Constraint-Level Design of zkEVMs: Architectures, Trade-offs, and Evolution

Zero-knowledge Ethereum Virtual Machines (zkEVMs) must reconcile a fundamental contradiction: the Ethereum Virtual Machine was designed for transparent sequential execution, while zero-knowledge proofs require algebraic circuit representations. This survey provides the first systematic analysis of how existing major production zkEVM implementations resolve this tension through distinct constraint engineering strategies. We develop a comparative framework that maps the design space across three architectural dimensions. First, arithmetization schemes reveal stark trade-offs: R1CS requires compositional gadget libraries, PLONKish achieves elegance through custom gates that capture complex EVM opcodes in single constraints, while the homogeneous structure of AIR fundamentally mismatches the irregular instruction set of EVM. Second, dispatch mechanisms determine constraint activation patterns: selector-based systems waste trace width on inactive constraints, while ROM-based approaches trade memory lookups for execution flexibility.
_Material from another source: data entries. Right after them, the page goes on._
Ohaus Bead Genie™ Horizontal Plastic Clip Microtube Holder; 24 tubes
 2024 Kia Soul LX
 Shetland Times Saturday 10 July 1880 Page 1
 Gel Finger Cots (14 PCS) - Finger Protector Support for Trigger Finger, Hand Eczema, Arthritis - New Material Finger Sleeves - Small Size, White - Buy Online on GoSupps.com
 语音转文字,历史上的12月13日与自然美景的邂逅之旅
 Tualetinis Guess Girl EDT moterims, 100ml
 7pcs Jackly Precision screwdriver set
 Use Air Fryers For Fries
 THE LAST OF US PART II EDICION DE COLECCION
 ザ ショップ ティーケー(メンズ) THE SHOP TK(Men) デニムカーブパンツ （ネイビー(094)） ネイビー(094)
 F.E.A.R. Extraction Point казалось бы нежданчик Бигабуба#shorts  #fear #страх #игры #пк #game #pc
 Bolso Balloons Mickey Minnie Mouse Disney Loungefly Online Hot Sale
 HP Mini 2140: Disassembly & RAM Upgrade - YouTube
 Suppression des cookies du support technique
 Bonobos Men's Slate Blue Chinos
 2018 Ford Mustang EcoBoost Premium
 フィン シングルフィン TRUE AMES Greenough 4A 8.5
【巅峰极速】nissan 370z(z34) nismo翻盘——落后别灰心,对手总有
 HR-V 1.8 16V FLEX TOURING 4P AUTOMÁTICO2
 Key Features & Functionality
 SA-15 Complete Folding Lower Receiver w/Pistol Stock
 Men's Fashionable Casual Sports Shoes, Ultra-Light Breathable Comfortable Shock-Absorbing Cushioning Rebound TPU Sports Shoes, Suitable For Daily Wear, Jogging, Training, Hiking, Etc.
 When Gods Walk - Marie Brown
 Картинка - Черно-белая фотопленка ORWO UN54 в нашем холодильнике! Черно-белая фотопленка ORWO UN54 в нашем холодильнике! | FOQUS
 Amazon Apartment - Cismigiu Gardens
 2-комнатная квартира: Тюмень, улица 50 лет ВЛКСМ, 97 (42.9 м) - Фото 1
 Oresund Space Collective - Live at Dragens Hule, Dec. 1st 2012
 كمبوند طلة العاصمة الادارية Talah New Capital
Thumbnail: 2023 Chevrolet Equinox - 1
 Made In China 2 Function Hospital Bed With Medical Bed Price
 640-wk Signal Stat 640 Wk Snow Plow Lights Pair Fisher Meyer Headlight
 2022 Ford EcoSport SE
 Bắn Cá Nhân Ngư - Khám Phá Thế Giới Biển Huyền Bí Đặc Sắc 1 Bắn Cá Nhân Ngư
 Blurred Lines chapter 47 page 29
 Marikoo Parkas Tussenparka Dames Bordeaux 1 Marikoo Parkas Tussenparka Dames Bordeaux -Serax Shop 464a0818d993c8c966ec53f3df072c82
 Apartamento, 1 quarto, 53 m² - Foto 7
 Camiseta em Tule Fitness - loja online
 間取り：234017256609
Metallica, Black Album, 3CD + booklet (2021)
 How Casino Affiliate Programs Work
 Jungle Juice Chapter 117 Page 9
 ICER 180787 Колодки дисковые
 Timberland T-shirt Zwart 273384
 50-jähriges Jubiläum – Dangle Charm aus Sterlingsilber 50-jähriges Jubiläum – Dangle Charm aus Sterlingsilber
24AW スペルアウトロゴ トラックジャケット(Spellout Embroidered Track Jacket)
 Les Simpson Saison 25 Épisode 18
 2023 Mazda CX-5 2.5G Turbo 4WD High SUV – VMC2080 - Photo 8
Third, the Type 1-4 spectrum quantifies an inescapable trade-off: the bit-level EVM compatibility of Type 1 demands significantly higher constraint complexity than the custom instruction sets of Type 4. Beyond cataloging implementations, we identify critical open problems across multiple domains: performance barriers preventing sub-second proving, absence of formal verification for constraint-to-EVM semantic equivalence, lack of standardized benchmarking frameworks, and architectural gaps in hybrid zkEVM/zkVM designs, decentralized prover coordination, privacy preservation, and interoperability.